**PROBLEM TO WORK ON:**
Write out each line of the listing as it stands, without the images.

**DATA EXCERPT:**
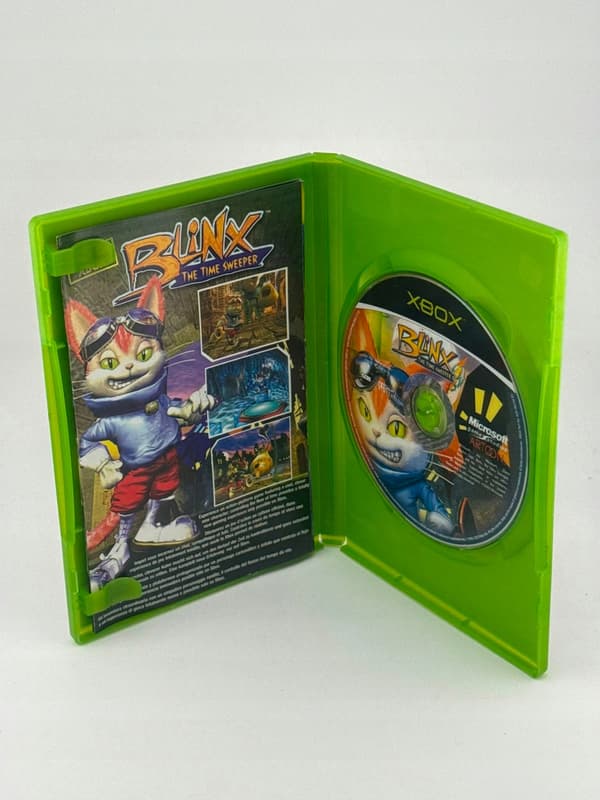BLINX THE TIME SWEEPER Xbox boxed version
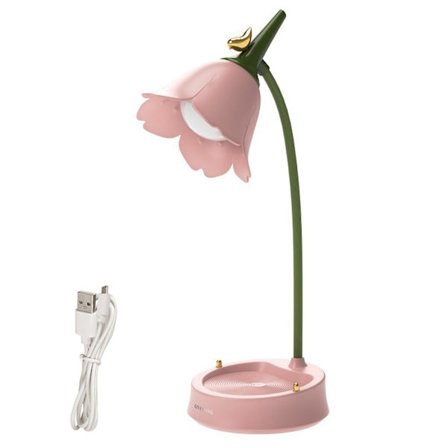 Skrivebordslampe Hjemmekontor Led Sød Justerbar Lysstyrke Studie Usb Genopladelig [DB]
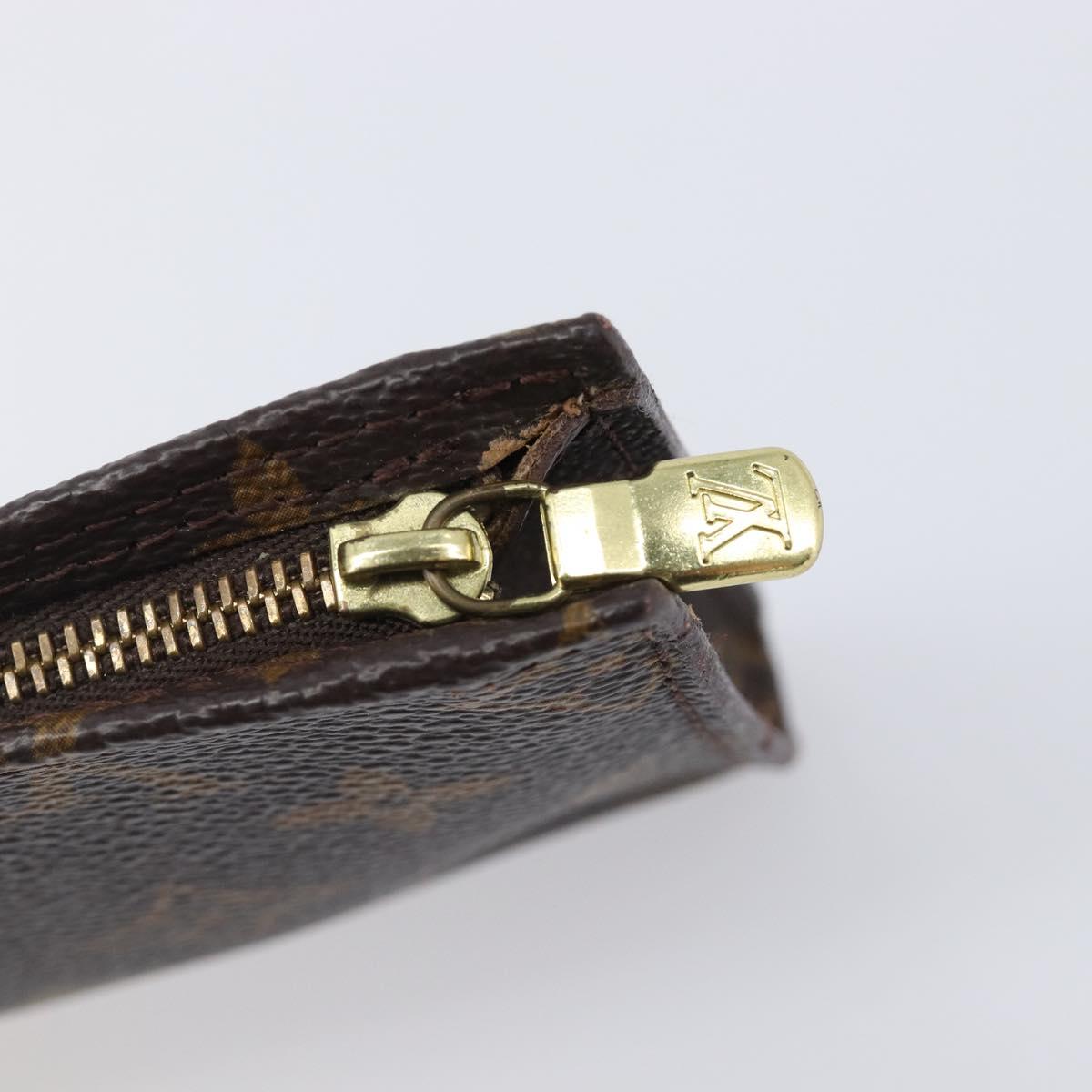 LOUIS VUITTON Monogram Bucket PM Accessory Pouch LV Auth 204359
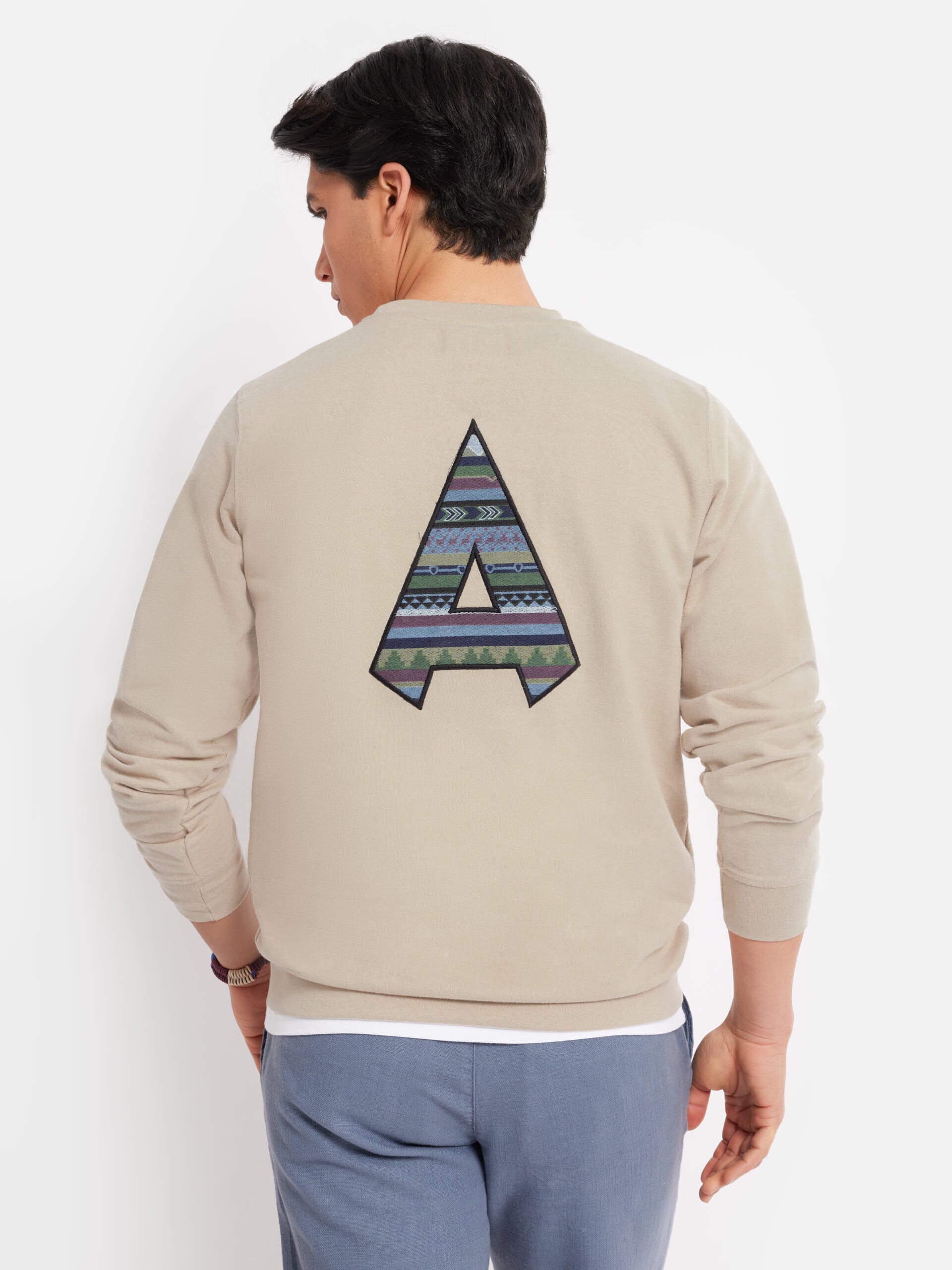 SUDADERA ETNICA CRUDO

**TASK ANSWER:**
BLINX THE TIME SWEEPER Xbox boxed version
 Skrivebordslampe Hjemmekontor Led Sød Justerbar Lysstyrke Studie Usb Genopladelig [DB]
 LOUIS VUITTON Monogram Bucket PM Accessory Pouch LV Auth 204359
 SUDADERA ETNICA CRUDO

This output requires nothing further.